INTRODUCTION.
India is a land abundant with diversified culture and religion. There are many religions prevalent in our country: Hinduism, Islam, Parsi, Christianity and other minorities. Every religion has its own customs and traditions. Some of these customs and traditions are formed into laws which govern their personal or family lives. These laws are categorized as Personal Laws or Family Law, spanning from marriage to divorce, succession to custody, etc. When these laws derived from religious ambit miss some sphere of issues then Secular Law comes into view. Guardianship and Custody are twin factors which complement each other and go hand in hand. Both come under the purview of factors concerning the rights of an individual who is a minor incapable of taking care of oneself.
GUARDIANSHIP AND CUSTODY: MEANING
In Hinduism , the concept of guardianship dates back to the Vedic age. In that age, a typical Hindu family functioned as a patriarchal unit with the majority of the power vested in the hands of the head of the family. Children or infants were essentially considered an asset to the father, who was typically the head of the family. Initially, they couldn’t independently hold any separate property, even if they had the said property; its functioning right was held in the father’s hands. Gradually, this right to hold separate property was recognized by the law.
In ancient times, the supreme guardianship of all the people was vested in the hands of the king. There was no need for the law of guardianship for the person who lived in a joint family. This was because the minors came naturally under the protection of the karta, or the head of that joint family. For minors who were not members of the joint family and also had no parents, the king naturally was the guardian for that minor, as the sole and maximum power of the land was vested in him. This system remained in force in British India, and most Indian states followed it. Then came the Hindu Minority and Guardianship Act of 1956 which prescribed the rights and duties of the guardians.

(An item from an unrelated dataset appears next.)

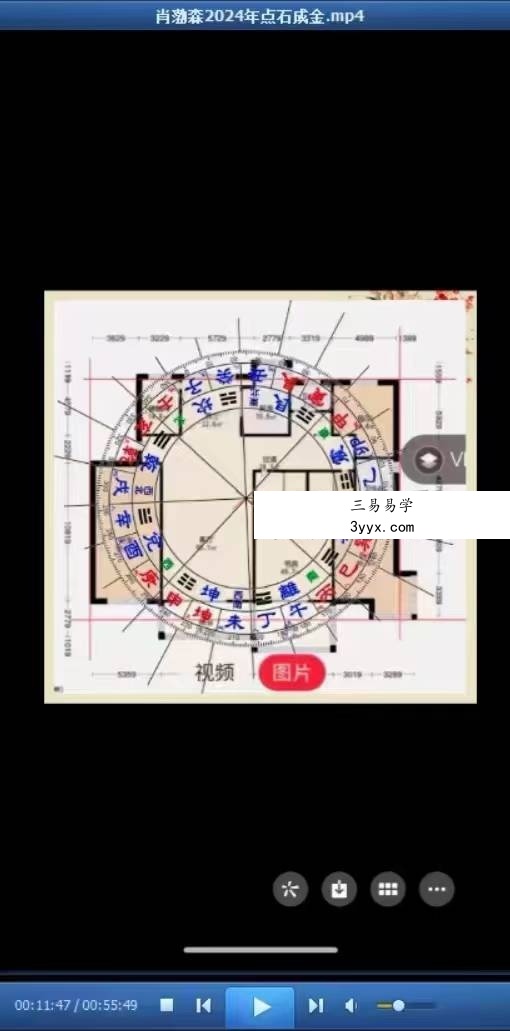 肖渤森2024年点石成金1集视频+图片 资料图片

The term ‘custody’ has not been defined in the Indian Legal system. The law governing it is held closely in link with that of guardianship. Guardianship refers to a set of rights and powers vested in an adult who has the right to act in the care of the person and property of a minor. Custody is a narrower concept relating to the upbringing and day-to-day care and
control of the minor. The term ‘guardian’ has been defined under the Guardians and Wards Act, 1890, as “a person having the care of the person of a minor or his property or both his person and property”.
Muslim Law distinguishes between actual physical custody(i.e., everyday care of a child) or hizanat and the power to make important decisions regarding the upbringing of the minor. Hizanat is similar to the concept of custody under Hindu Law.
Under all Family Laws, the father is the natural guardian of a minor as long as he’s alive and fit. The mother is the preferred custodian for very young minors, even though the father is the natural guardian. That is so because a minor who’s very young is more in need of care and nourishment, which only a mother can provide.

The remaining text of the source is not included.